Visualizing Machine Learning models
Visualizing different steps of the machine learning pipeline can help us
- explore the data (EDA),
- understand the data (and identify potential problems),
- pre-process the data in a suitable way for optimal model performance,
- supervise the learning process,
- optimize modeling,
- interpret the model and
- compare and evaluate model predictions.
Visualization also greatly simplifies communication of our model and results to decision-makers or the public.
Exploratory Data Analysis
Exploratory Data Analysis (EDA) is the backbone of data analysis, including those that result in a machine learning model.

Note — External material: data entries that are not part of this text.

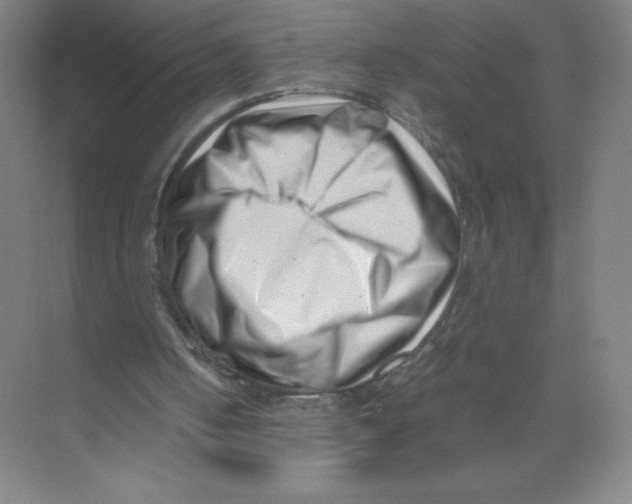 X0000074210050200609221952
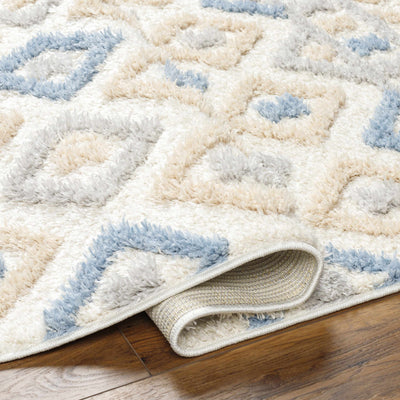 Eivin Pink & Blue Area Rug - Clearance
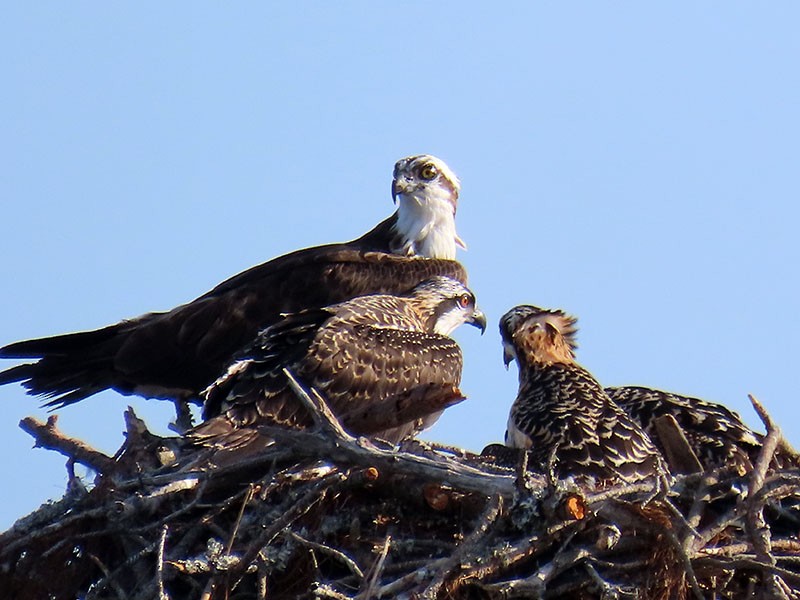 Osprey (carolinensis) - ML620609360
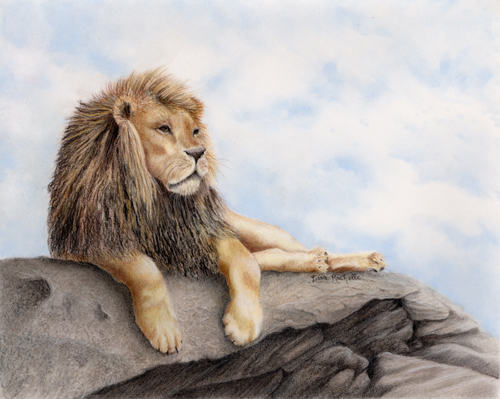 colored_pencil_drawing_lion_laying-on_rock.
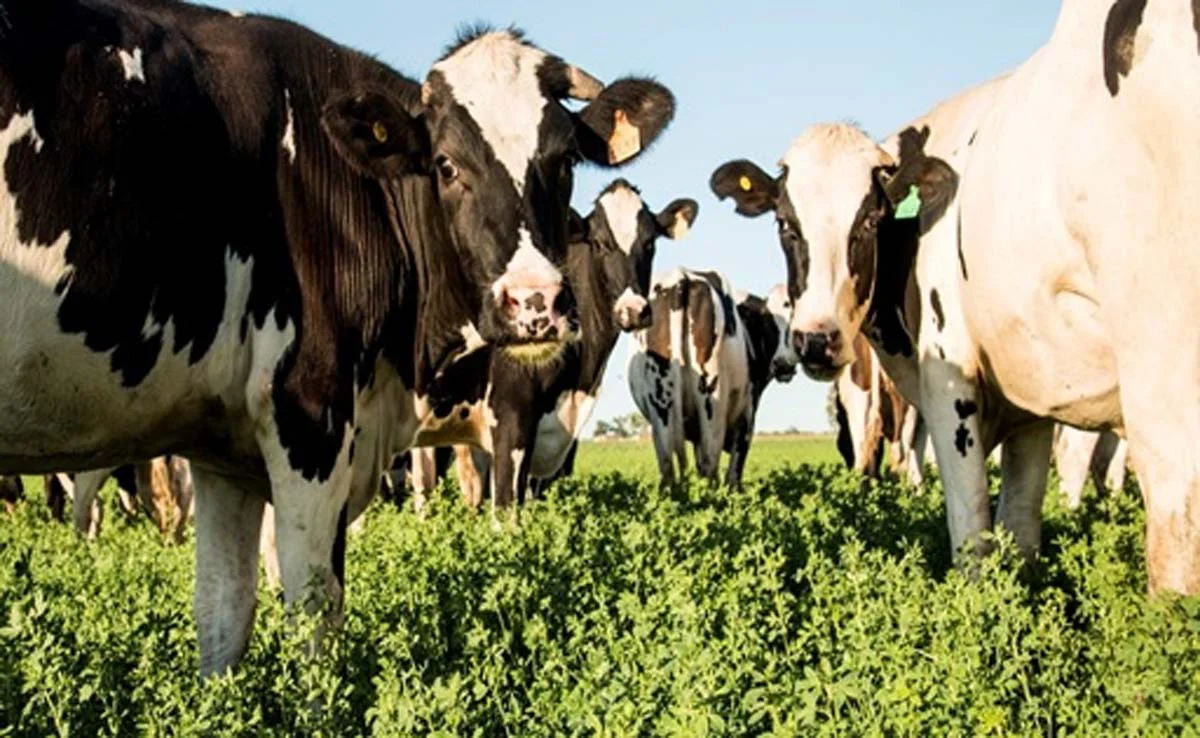 vacas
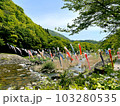 材木岩公園のこいのぼり(宮城県白石市) 103280535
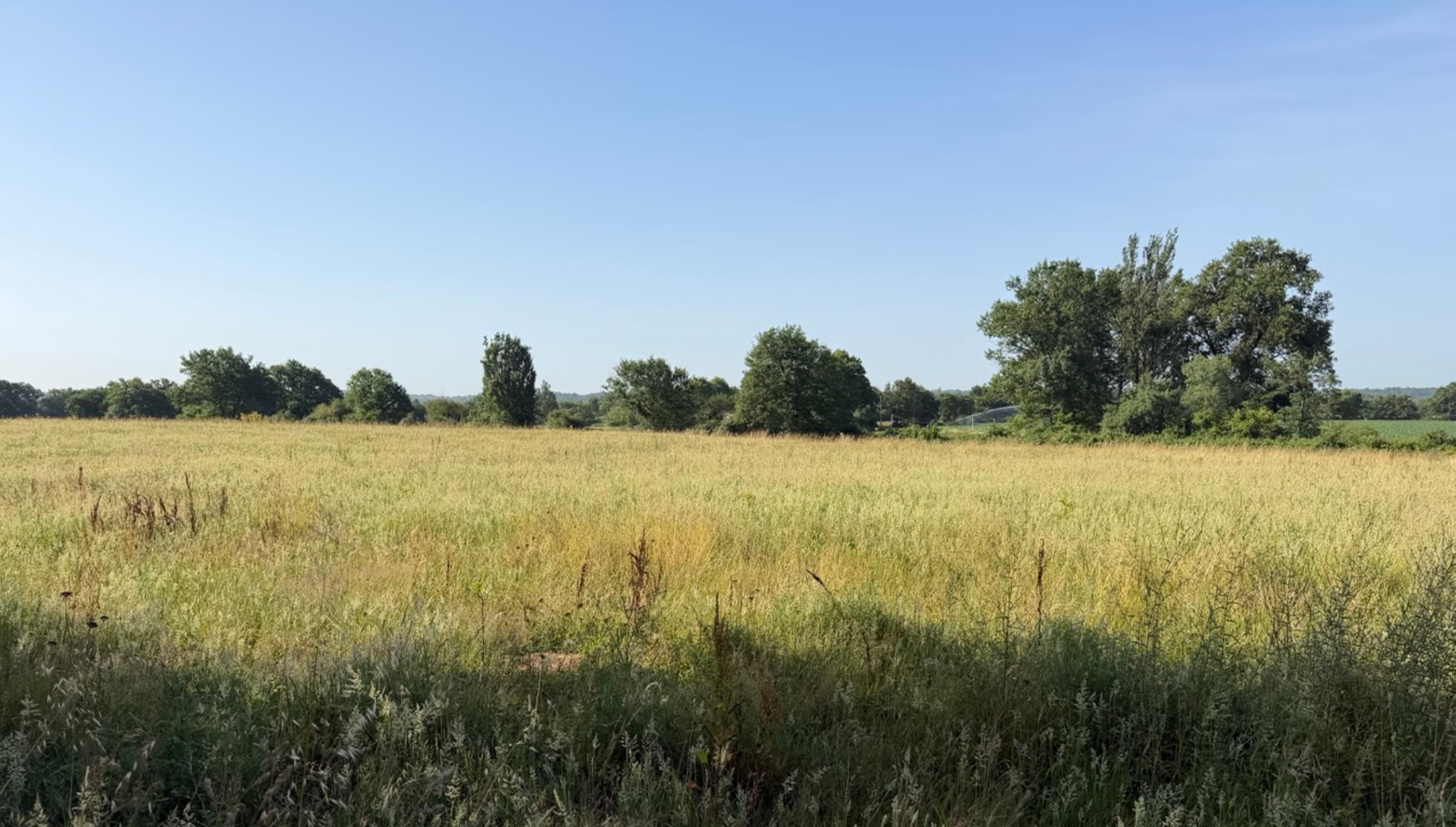Création de 3,17 hectares de forêts à Grenade-sur-l'Adour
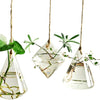 Glass Hanging Planters Indoor Outdoor Plant Pots Water Plant Containers Flower Pots Glass Terrariums Wall Vases 3 Pieces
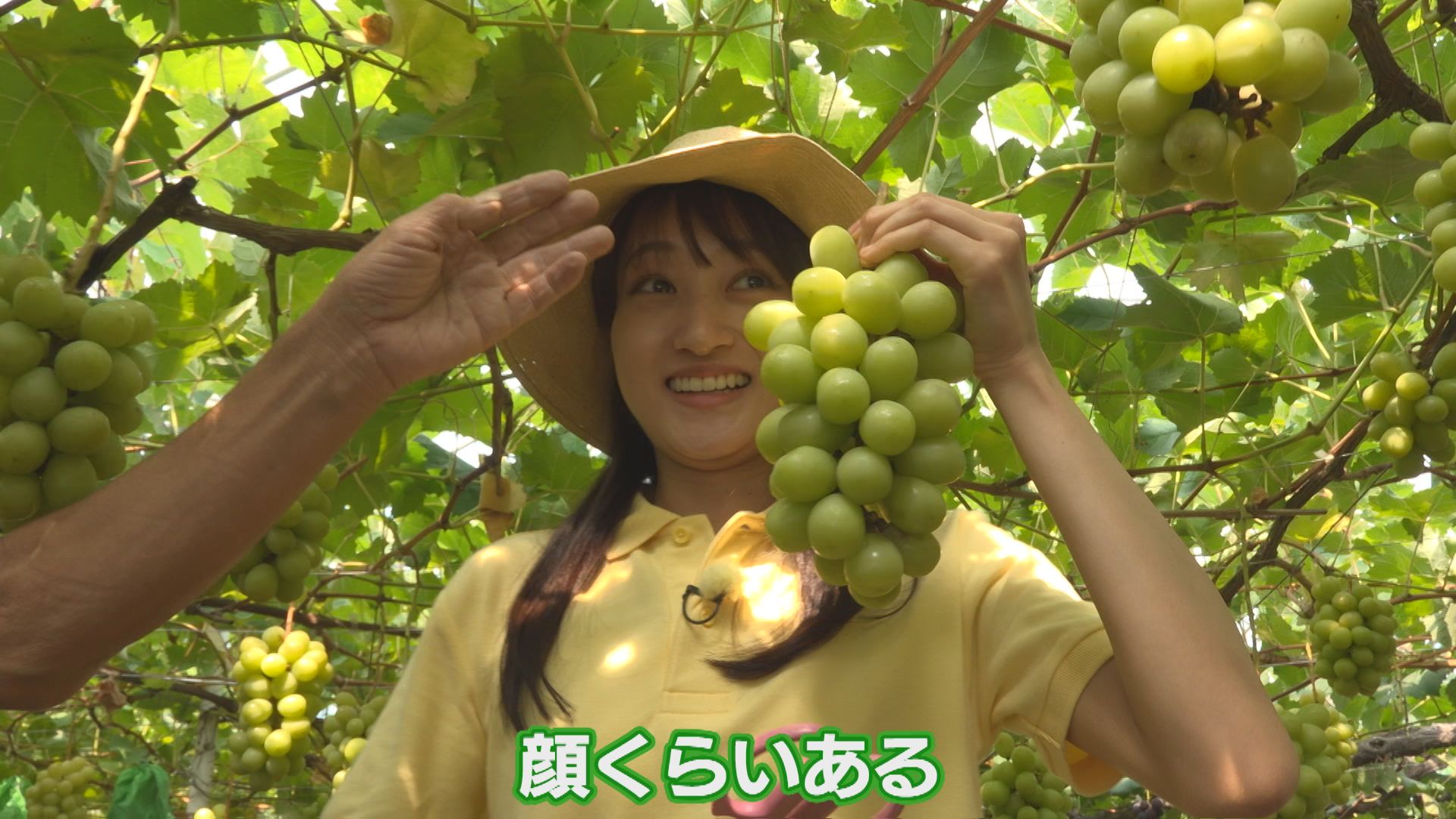 顔より大きい！？シャインマスカット 弥彦村
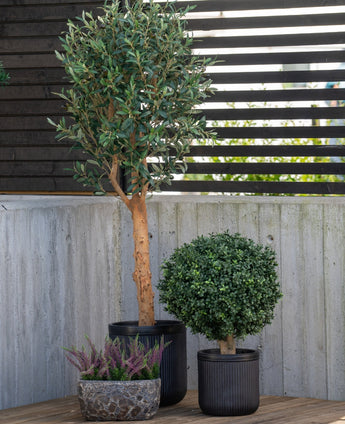 Drie potplanten staan buiten opgesteld: een Kunst olijfboom UV 155 cm met een slanke stam, een ronde struik en een kleine pot met paarse heide, allemaal tegen een betonnen muur en een hek van houten latten.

EDA helps us to understand the data we are working with and put it into context, so that we are able to ask the right questions (or to put our questions into the right frame). It also helps us take appropriate measures for cleaning, normalization/transformation, dealing with missing values, feature preparation and engineering, etc. Particularly if our machine learning model is trained on a limited dataset (but not only then!), appropriate data preparation can vastly improve the machine learning process: models will often train faster and achieve higher accuracy.
An essential part of EDA is data visualization.
Typically, we want to start by exploring potential sources of errors in our data, like
- wrong/useless data types (sometimes data types are automatically set in a way that is not useful for our analysis, like factors versus strings, or wrong/strange entries in an otherwise numeric column will make it categorical)
- missing values (a collection of ways to visualize missingness can be found here),
- outliers (for example by plotting a box-plot of continuous variables)
Depending on the number of features/variables we have, it makes sense to look at them all individually and in correlation with each other. Depending on whether we have a categorical or continuous variable, we might be interested in properties that are shown by
- histograms (frequency distribution of binned continuous variables),
- density distribution (normalized distribution of continuous variables) or
- bar-plots (shows counts of categorical variables).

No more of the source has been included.